(Image-text web data)
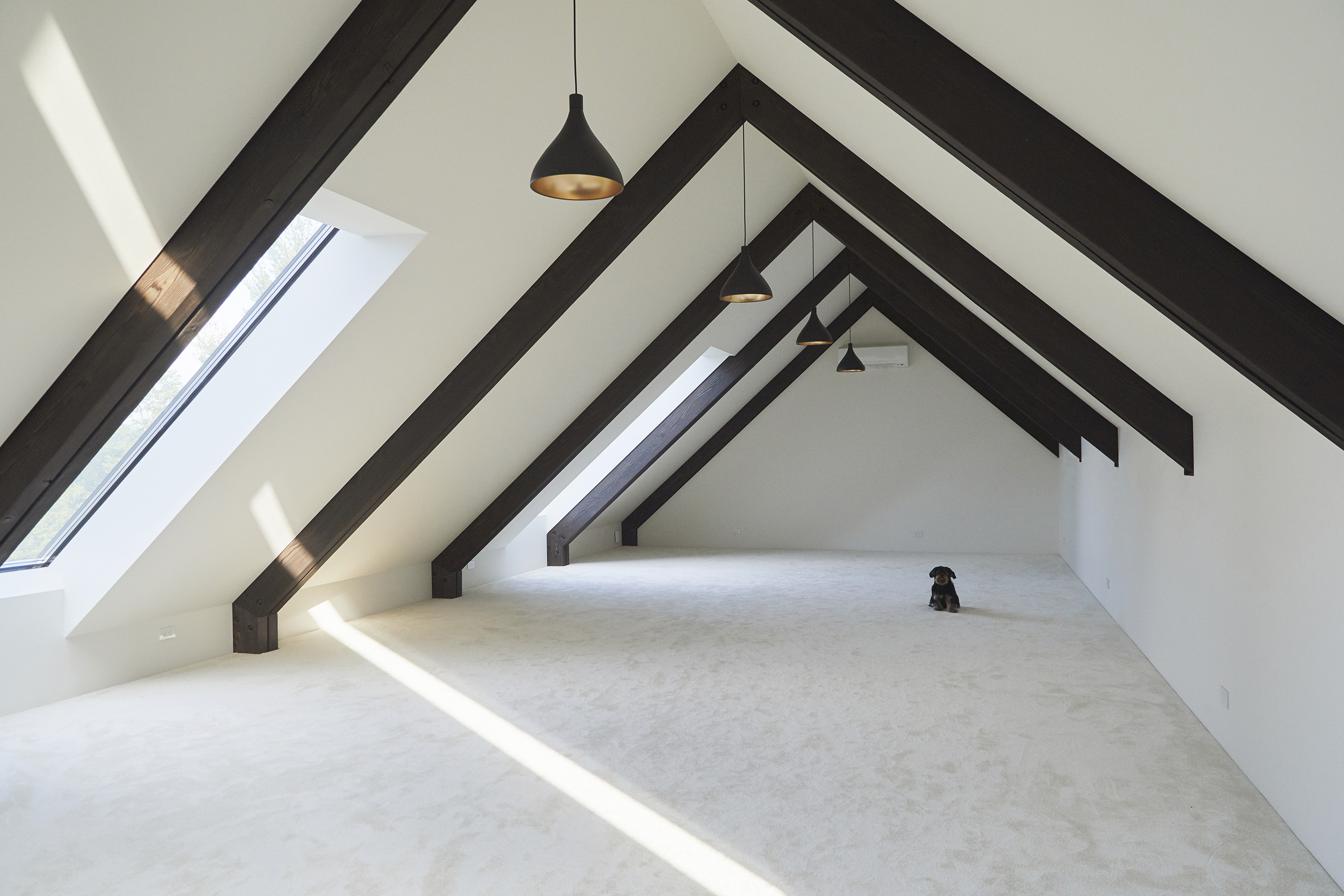 Upstairs the minimalist multi-purpose loft is lit by skylights, aligned perfectly for star-gazing at night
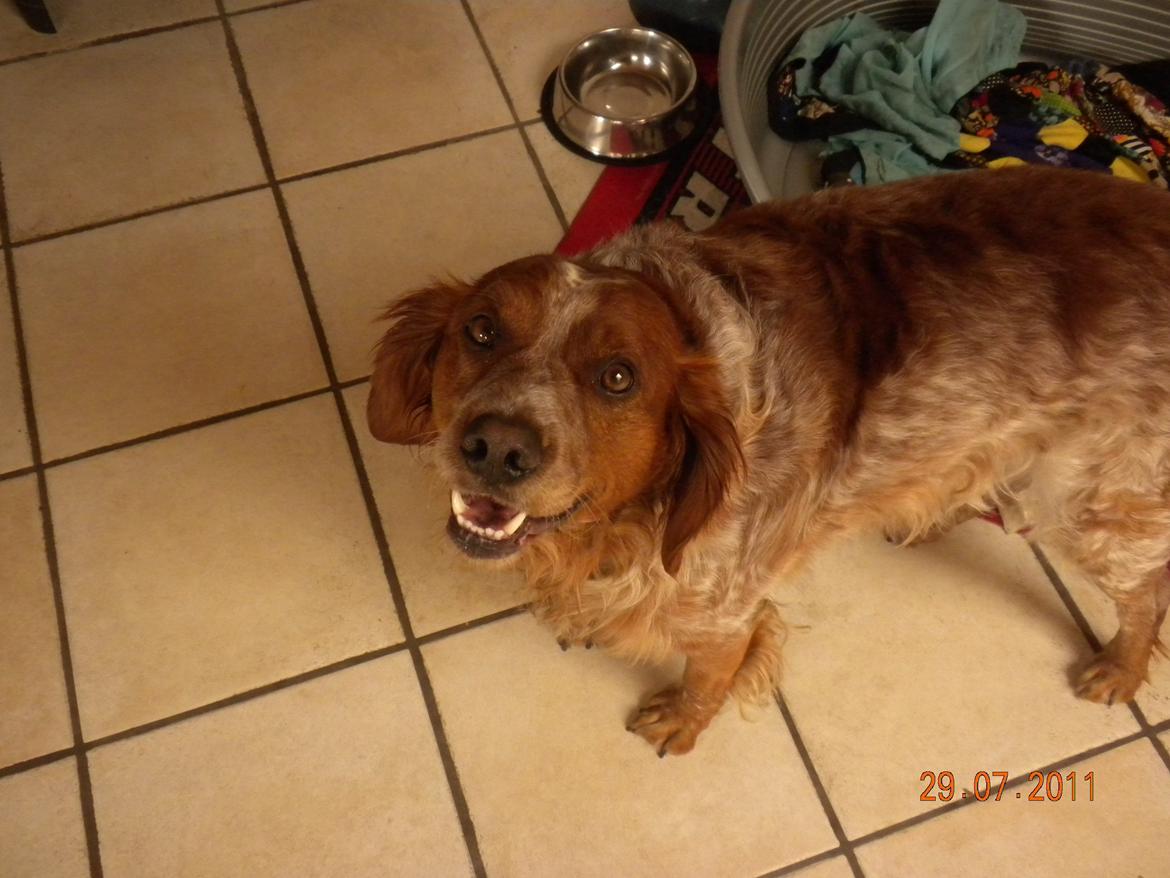 Breton Max - Farlige Max :) billede 7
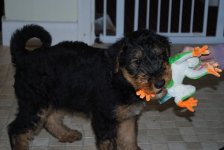 tupp3resize.jpg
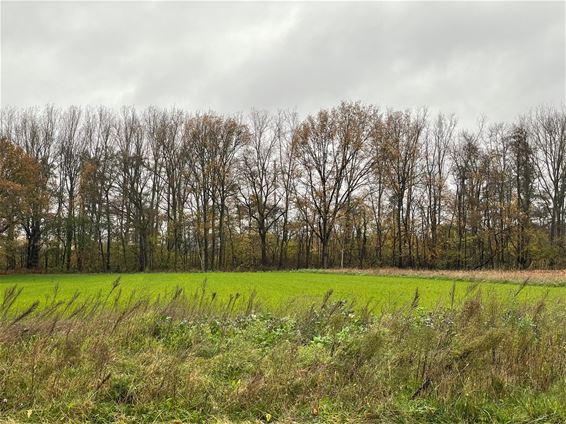 Extra bloedonderzoek naar PFAS in Beringen - Beringen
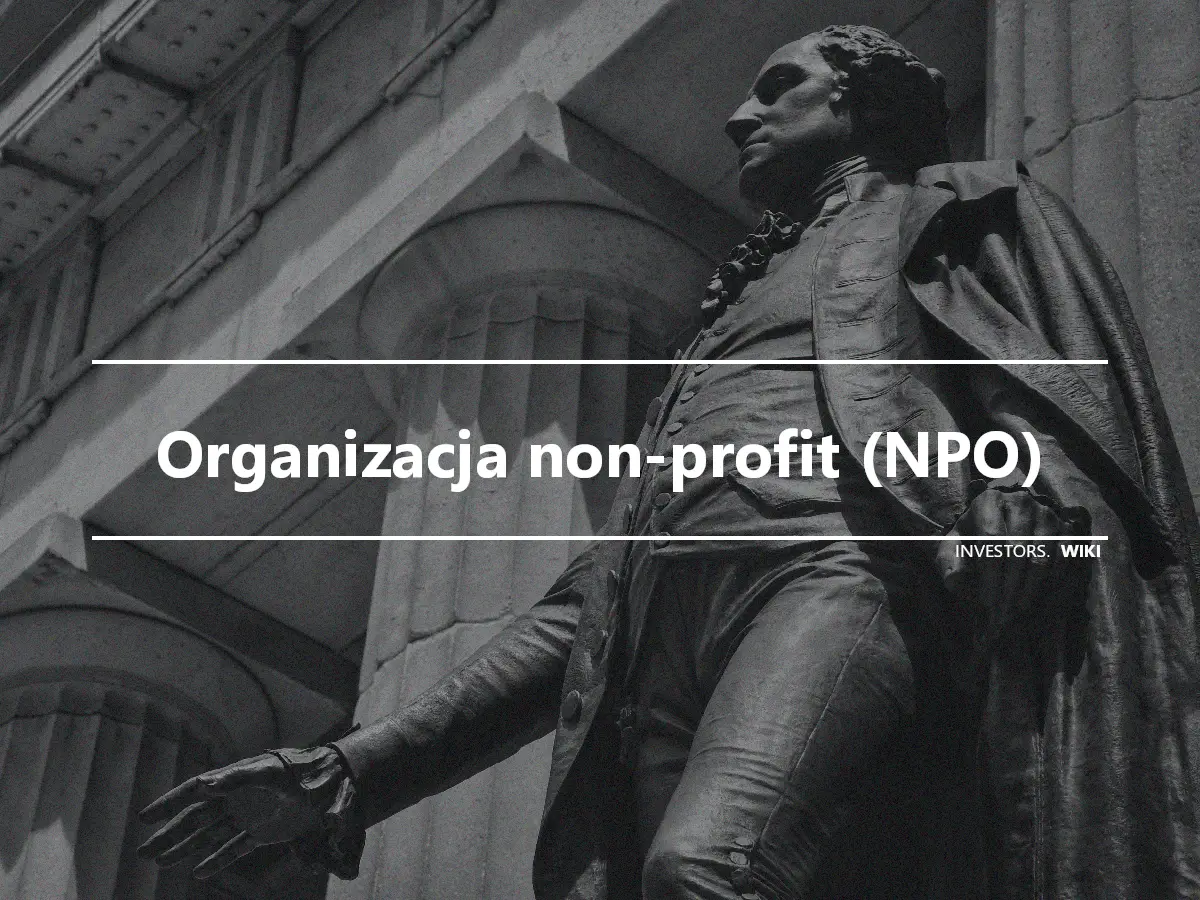 Organizacja non-profit (NPO)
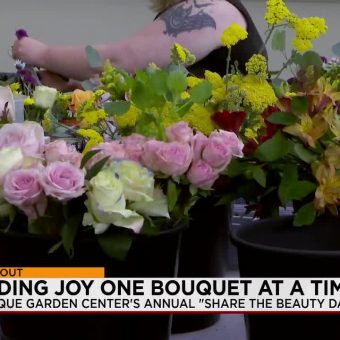 Fading Blooms & Frail Solace: Albuquerque’s Quiet Rebellion Against Social Drift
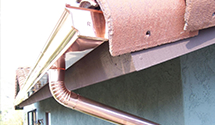 wildlife-proofing-gutters-bird-squirrel-rodent-guards Experts in Patrick
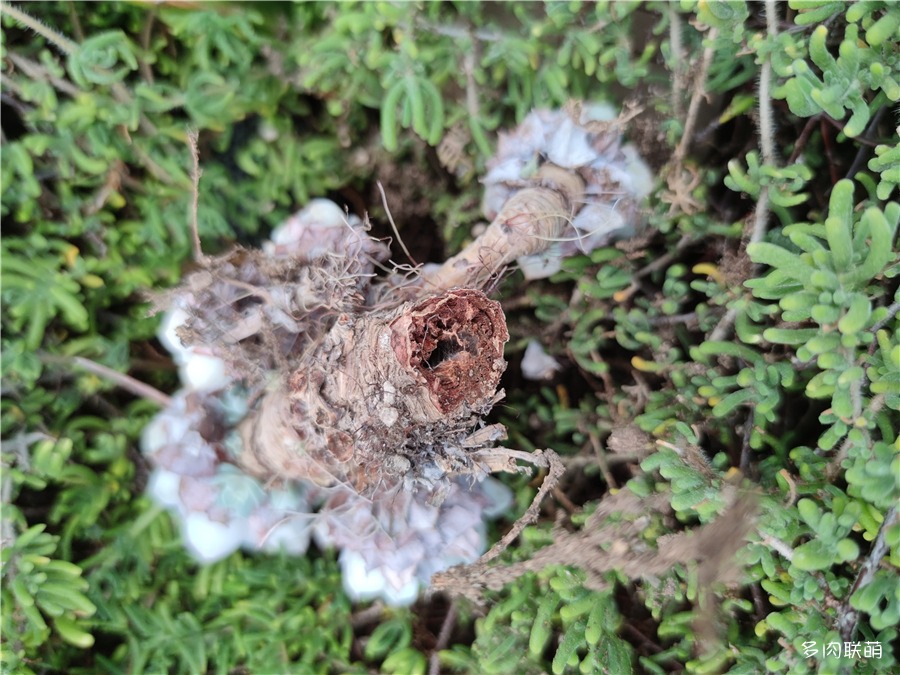 多肉薄叶蓝鸟老桩图片,薄叶蓝鸟最佳养殖方法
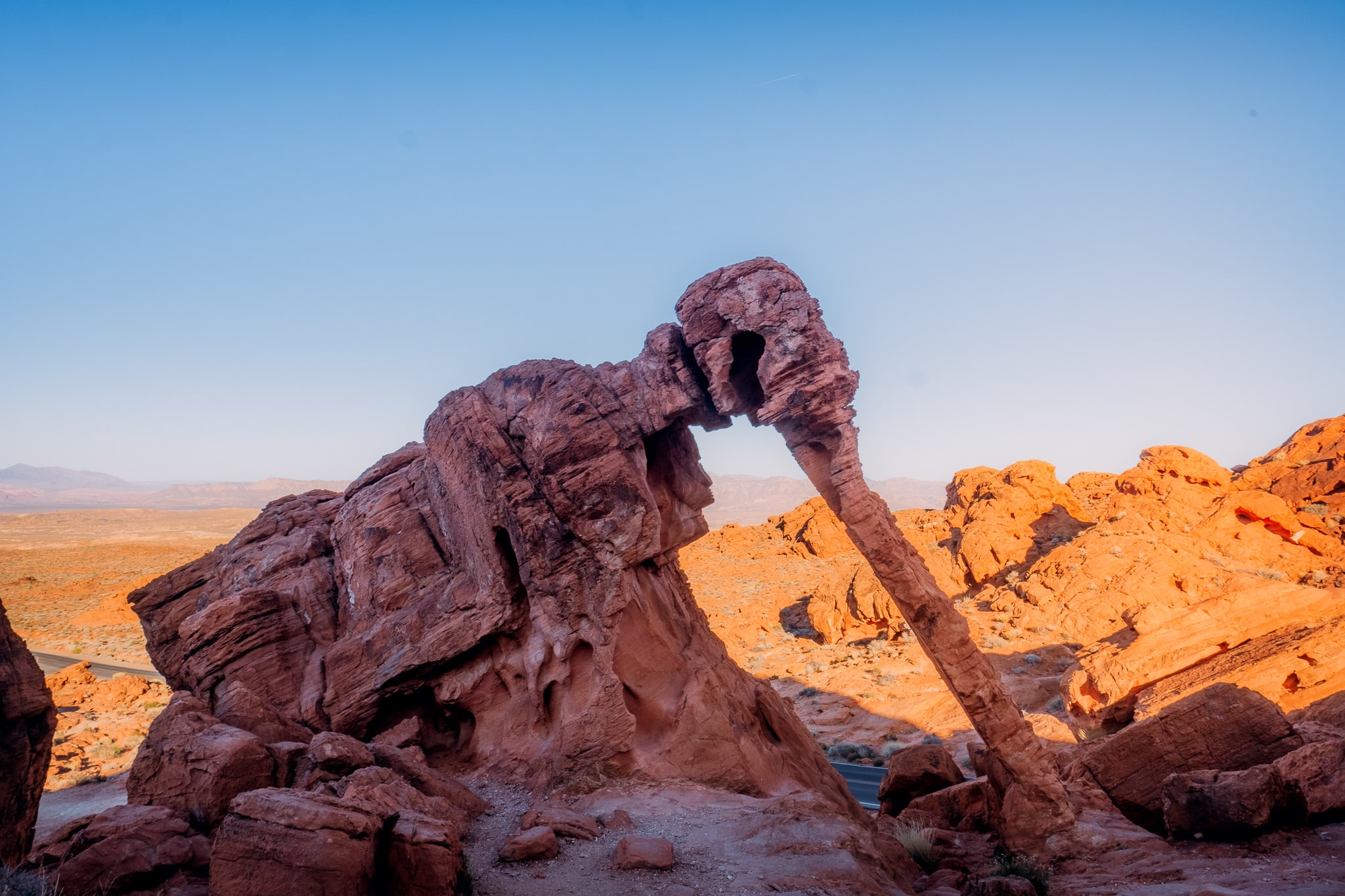 Elephant Rock at Sunset, Valley of Fire 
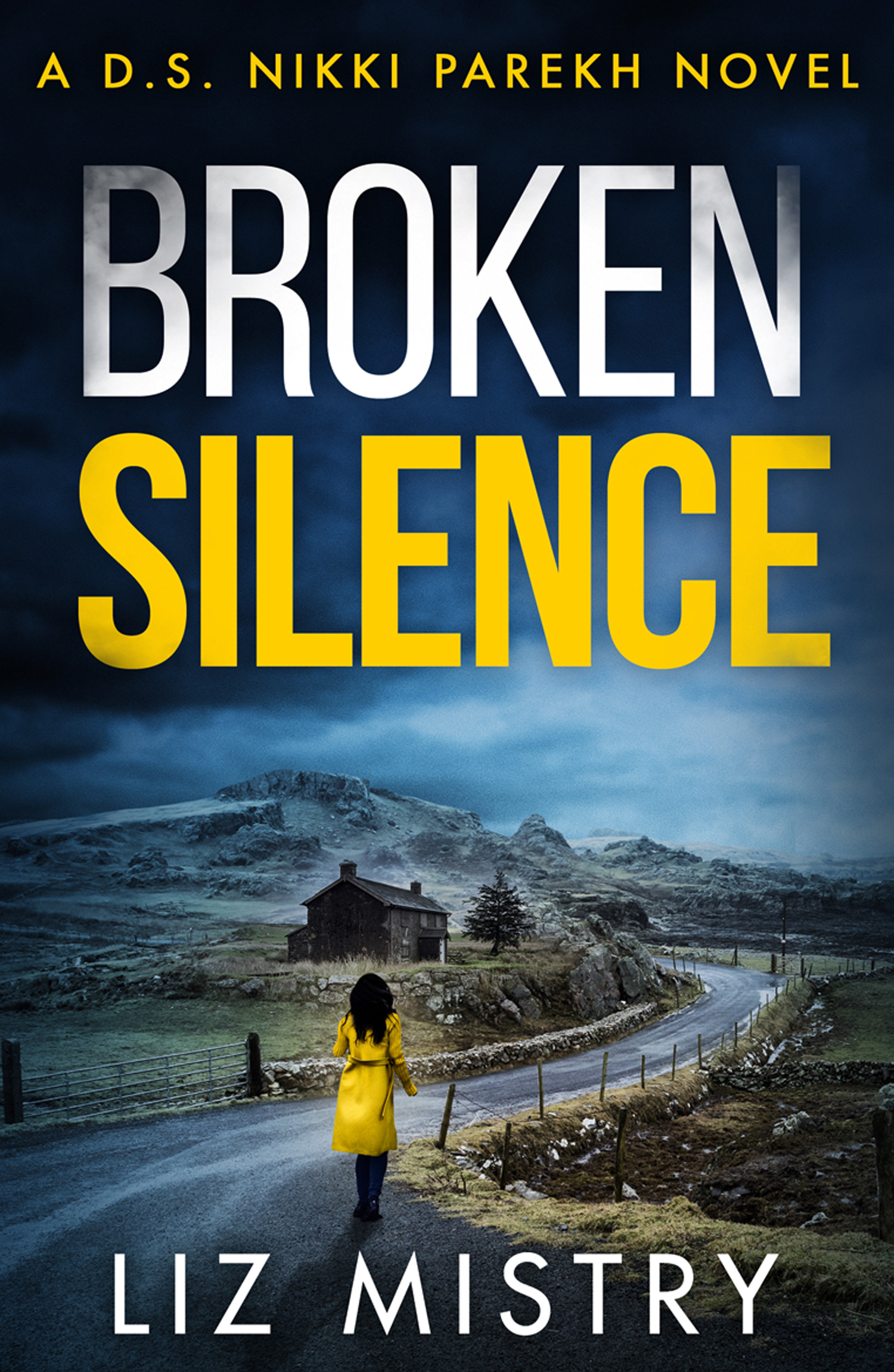 Обложка книги «Broken Silence»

● **What to produce**
Leave out every picture and transcribe the remaining entries exactly.

● **Answer section**
 Upstairs the minimalist multi-purpose loft is lit by skylights, aligned perfectly for star-gazing at night
 Breton Max - Farlige Max :) billede 7
 tupp3resize.jpg
 Extra bloedonderzoek naar PFAS in Beringen - Beringen
 Organizacja non-profit (NPO)
 Fading Blooms & Frail Solace: Albuquerque’s Quiet Rebellion Against Social Drift
 wildlife-proofing-gutters-bird-squirrel-rodent-guards Experts in Patrick
 多肉薄叶蓝鸟老桩图片,薄叶蓝鸟最佳养殖方法
 Elephant Rock at Sunset, Valley of Fire 
 Обложка книги «Broken Silence»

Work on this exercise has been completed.